Il commence par le parcourir furtivement en taxi, mais très vite, il noue des contacts au cours de soirées bruyantes et arrosées. Il observe aussi la croissance des gratte-ciel, ultra-rapide, comme celle des bambous.

      Plus son aventure se prolonge, plus il est amené à jongler avec le chaos. Il cherche alors un éclairage sur ses tribulations. Il croit le trouver dans la biographie du père Matteo Ricci, mandarin aux yeux bleus, premier Européen à s'être volontairement constitué une position personnelle prestigieuse dans le monde chinois. Mais Ricci est supplanté par trois charmantes bourgeoises francophiles. Un banquet est l'occasion de nouveaux échanges de cartes de visite. La confusion menace de s'installer.

      Bramly apprivoise alors la ville en d'innombrables errances pédestres. Il prend aussi des cours de langue, mais constate que ce n'est pas chose facile, malgré la gentillesse et la patience de l'étudiante qui se charge de l'instruire. Il mélange les notions, bute sur les synonymes, les homonymes, la sagesse antique et les vestiges du maoïsme. La vie nocturne le confronte à des figures invraisemblables, comme cette vendeuse à la sauvette, plus que centenaire, parlant un dialecte que plus personne dans la ville ne peut comprendre.

       Il lit dans Ricci qu'en Chine, rien n'est gratuit, ni fortuit.

       Il lit aussi que tout mandarin s'avance coiffé d'un bonnet de confucianiste, vêtu d'une robe de taoïste et chaussé de sandales de bouddhiste. Qu'ici ne règne que l'immanence, que souvent « oui » veut dire « non » car la vraie approbation doit se montrer en actes, que « non » veut dire « veuillez contourner cette opposition apparente ».

       Retournant s'instruire auprès de ses aimables hôtesses, il ne parvient pas à répondre à leurs innombrables questions sur les Européens de sexe masculin. Il se perd dans de beaux jardins, admire d'antiques blocs de jade, et demande où sont les tombeaux des morts (ici, on incinère et on disperse dans les flots).

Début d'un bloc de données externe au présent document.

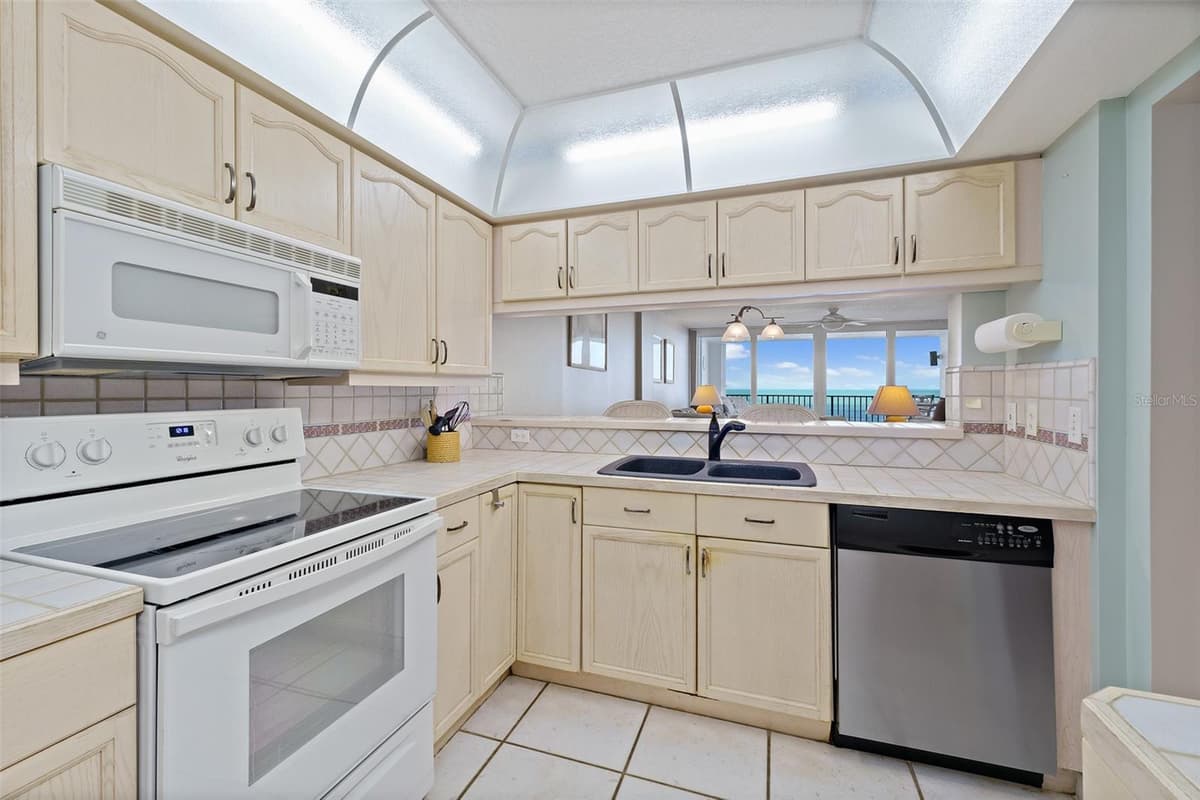 3740 OCEAN BEACH BOULEVARD — photo 6 of 44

       Il veut étudier les penseurs classiques et les immortels poètes, malgré l'obstacle de la langue et les désaccords entre les exégètes occasionnels qui lui viennent en aide. Son exploration des ruelles se poursuit, ce qui donne lieu à un instructif cahier de photographies au centre de l'ouvrage.



      Vers la fin, c'est la torpeur estivale qui semble triompher, et avec elle, le doute sur la pertinence d'un tel reportage. Mais notre voyageur se ressaisit, prenant plaisir à entendre l'odyssée de l'amiral Zheng He, qui fit le tour du monde un siècle avant Magellan. À la suite de quoi, les mandarins, ayant lu ses notes de voyage, décrétèrent que rien n'était mieux que dans l'Empire, et firent démanteler les nefs grandioses. D'autres narrateurs parlent à Bramly de Guan Yin qui incarne la Compassion, des guerres de l'opium et du sens des hexagrammes divinatoires.

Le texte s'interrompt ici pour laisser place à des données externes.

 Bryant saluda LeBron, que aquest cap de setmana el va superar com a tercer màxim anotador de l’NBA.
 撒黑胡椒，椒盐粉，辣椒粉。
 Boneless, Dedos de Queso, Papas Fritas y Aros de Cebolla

      De nouvelles excursions urbaines lui font découvrir les vestiges de la ville semi-coloniale, marquée par l'immense richesse des truands, par toutes sortes de monuments qui font revivre les jours anciens, y compris de majestueuses synagogues. D'autres soirées, d'autres cérémonies officielles lui font rencontrer de nouveaux informateurs.

       Cependant, il continue de se sentir comme un bonhomme en bois parmi des ectoplasmes. Comment peut-on être Shanghaïen ? De plus en plus sujet à l'inappartenance, Serge Bramly se résigne à n'avoir pas tout compris du premier coup. Mais le peu de saveur chinoise dont il s'est imprégné l'encourage à refaire bientôt un tel voyage, pour permettre à cette jeune pousse de grandir paisiblement.

      En refermant un tel ouvrage, il n'est pas facile de dire à quel projet il correspond. C'est le journal d'un voyage immobile. C'est une méditation décousue et retravaillée, ou peut-être un traité naïf et subtil. En tout état de cause, le style en est clair et personnel, et de plus, il s'y reflète une réelle volonté, chez l'auteur, de progresser dans la voie particulière qu'il s'est choisie. C'est donc l'un des nombreux points d'entrée offerts au lecteur d'aujourd'hui sur le monde chinois, via un territoire parfois déroutant, la grande ville de Shanghai.